Com o advento da Revolução Técnico-Cientíco-Informacional e o crescente uso das redes sociais, muitas pessoas têm comparado tanto sua vida, quanto sua aparência com aqueles que essas acompanham. Nesse sentido, surgiram consequências devido à busca por padrões de beleza idealizados. Assim sendo, essa problemática se deve não só ao consumo excessivo de mídias sociais, mas também à falta de amparo governamental quanto à formação de um mentalidade social saldável e liberta dos padrões estéticos.
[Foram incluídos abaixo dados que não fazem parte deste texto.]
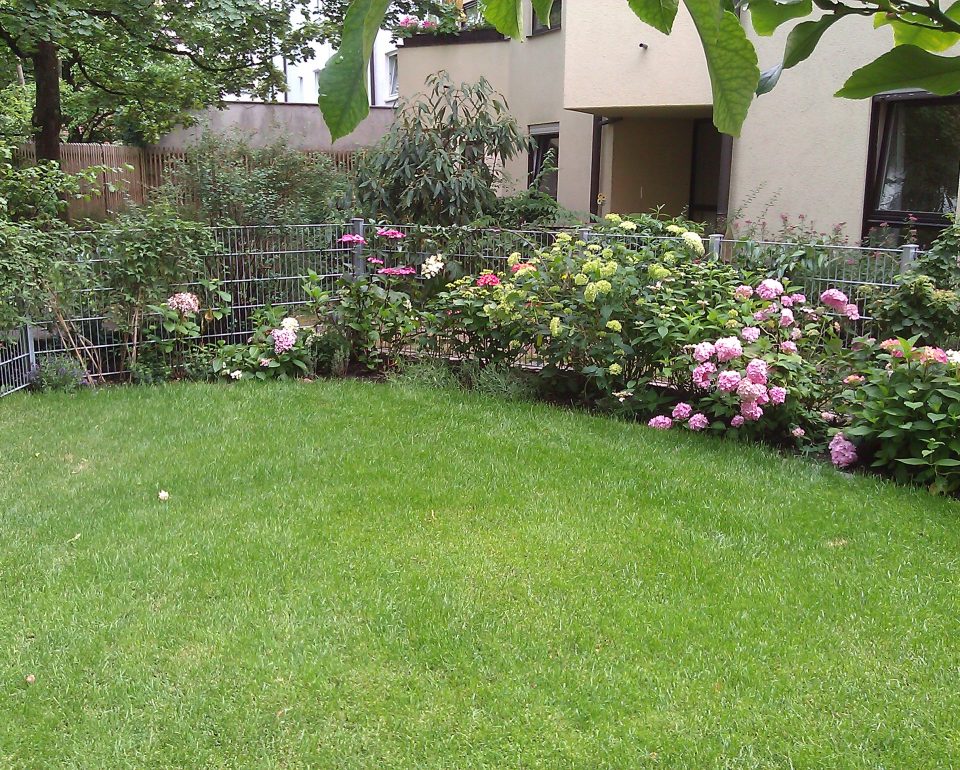 Hinterhofgarten mit Hortensienbeeteinfassung und Rollrasenfläche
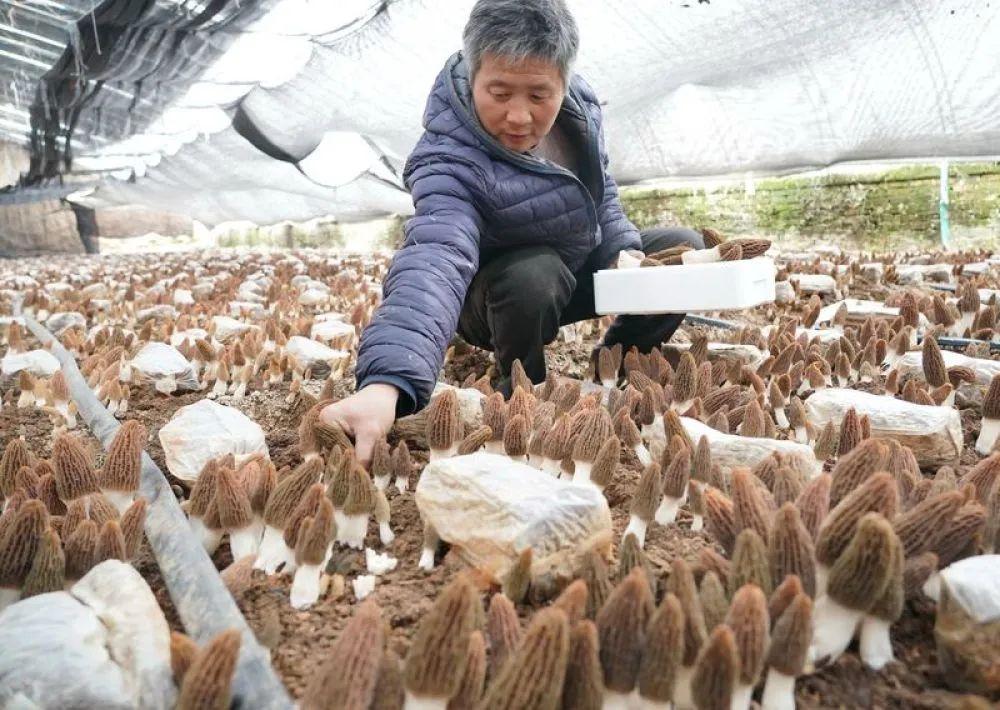 河南石家庄疫情最新数据消息，防控形势与应对措施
A princípio, é válido ressaltar que a utilização exacerbada de mídias sociais afeta de modo preocupante a autoestima de seus usuários, pois esses embasam sua realidade nos moldes daqueles que seguem e admiram. Sob essa óptica, tal fator é reforçado pela Organização Mundial da Saúde, segundo a qual, o consumo desenfreado dos meios tecnológicos está diretamente ligado a problemas psicológicos como, ansiedade, baixa autoestima e depressão. Em virtude disso, muitos indivíduos comprometem a saúde ao buscarem uma inspiração estética, muitas vezes falsa, nas redes sociais. Destarte, é lamentável a permanência desse cenário, haja vista que ele expõe a lastimável situação em que se encontra a sociedade.
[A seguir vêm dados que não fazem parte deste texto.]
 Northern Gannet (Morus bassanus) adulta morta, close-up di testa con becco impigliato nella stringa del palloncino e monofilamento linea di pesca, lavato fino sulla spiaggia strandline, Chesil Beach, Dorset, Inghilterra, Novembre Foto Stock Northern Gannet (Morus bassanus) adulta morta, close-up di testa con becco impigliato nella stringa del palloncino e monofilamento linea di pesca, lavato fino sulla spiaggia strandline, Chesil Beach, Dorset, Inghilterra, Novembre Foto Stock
Outrossim, cabe salientar que a falta de amparo governamental contribui para a propagação de uma mentalidade social afetada pela imposição de padrões estéticos inatingíveis, o que acaba por degradar a saúde mental dos cidadãos. Nesse viés, é possível perceber uma invalidação da Constituição Federal, na qual está previsto como dever do Estado promover o bem-estar e a saúde populacional, de modo a fornecer recursos para esse fim, entretanto, isso não ocorre de modo satisfatório. Dessarte, é inadmissível a continuidade dessa postura por parte do Poder Público, uma vez que ela fere a dignidade humana.
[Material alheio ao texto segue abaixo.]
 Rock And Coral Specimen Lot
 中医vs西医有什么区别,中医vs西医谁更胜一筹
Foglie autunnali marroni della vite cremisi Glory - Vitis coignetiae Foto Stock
Depreende-se, portanto, a necessidade de ações para a resolução dos impasses. Para tanto, cabe ao Ministério da Saúde, em parceria com as grandes empresas midiáticas, implementar políticas públicas socioeducativas em todos os meios digitais, por meio de programas com psicólogos especializados, os quais possam falar acerca dos malefícios da busca por um padrão de beleza idealizado e que possam mostrar como esses parâmetros sociais mudam com o passar do tempo e, por isso, não devem ser algo que as pessoas venham a se assegurar emocionalmente. Desse modo, objetiva-se auxiliar os cidadãos a se libertarem das “amarras” da estética inalcansável propagada e ambientada pelos meios oriundos da Revolução-Técnico-Científico-Informacional.